According to Fanning, people still send her scripts that skew too young: "It's great to read those as well, but you just move on to the material that attracts you at the age I am."
Meanwhile, her first foray into more adult territory, 2007 Sundance selection "Hounddog," backfired when the film was dubbed the "Dakota Fanning rape movie" on account of an incendiary plot point. The actress says she is still "blown away" by the controversy over what she considers "a great, great film.
"I was totally surprised it was talked about so horribly before it was done filming or edited, which was really sad and upsetting," Fanning says. "But I'm glad people will see it and be able to realize all that was blown out of proportion."
"Hounddog's" 18-month delay gave the actress a chance to enter high school -- a change of pace after years of being privately tutored -- and be more selective about her next career move.
To Fanning's delight, her follow-up in Fox Searchlight's "The Secret Life of Bees" earned rave reviews at the Toronto Film Fest, generating the kind of positive buzz that can lead to Oscar nominations.
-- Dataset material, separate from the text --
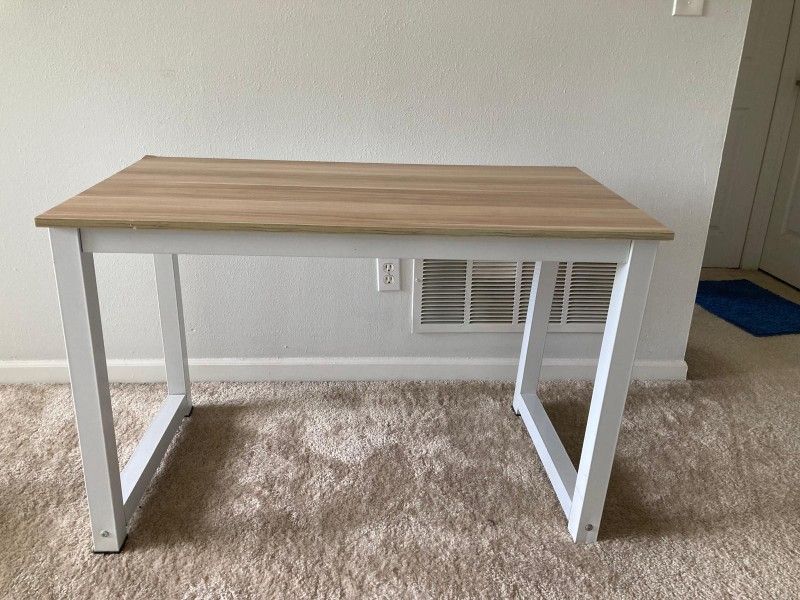 Wooden Desk With White Legs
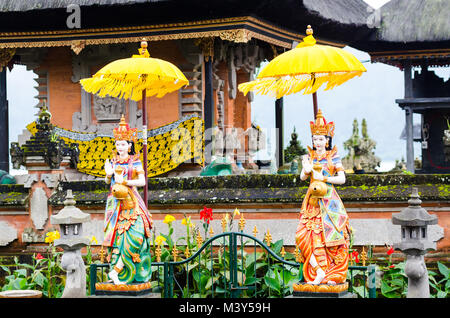 Statue Skulptur an der Pura Ulun Danu Bratan, Bali, Indonesien - Berühmte Pura Ulun Danu Bratan Tempel auf Bali, Indonesien. Stockfoto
The tearjerker presents Fanning in a more mature light as a runaway who settles with a family of black honey farmers amid America's civil rights era. It even features a genuine romantic subplot -- another step forward for the actress.
"Yeah, it was one of the first more serious ones I've had so far," she beams.
Recent breakthrough: Weathering the rocky transition to young adulthood with her celebrated turn in "The Secret Life of Bees."
Role model:Jodie Foster. "I don't think anyone will ever be as amazing as she is. And if I can just be a fourth of how good she is, I would be totally happy."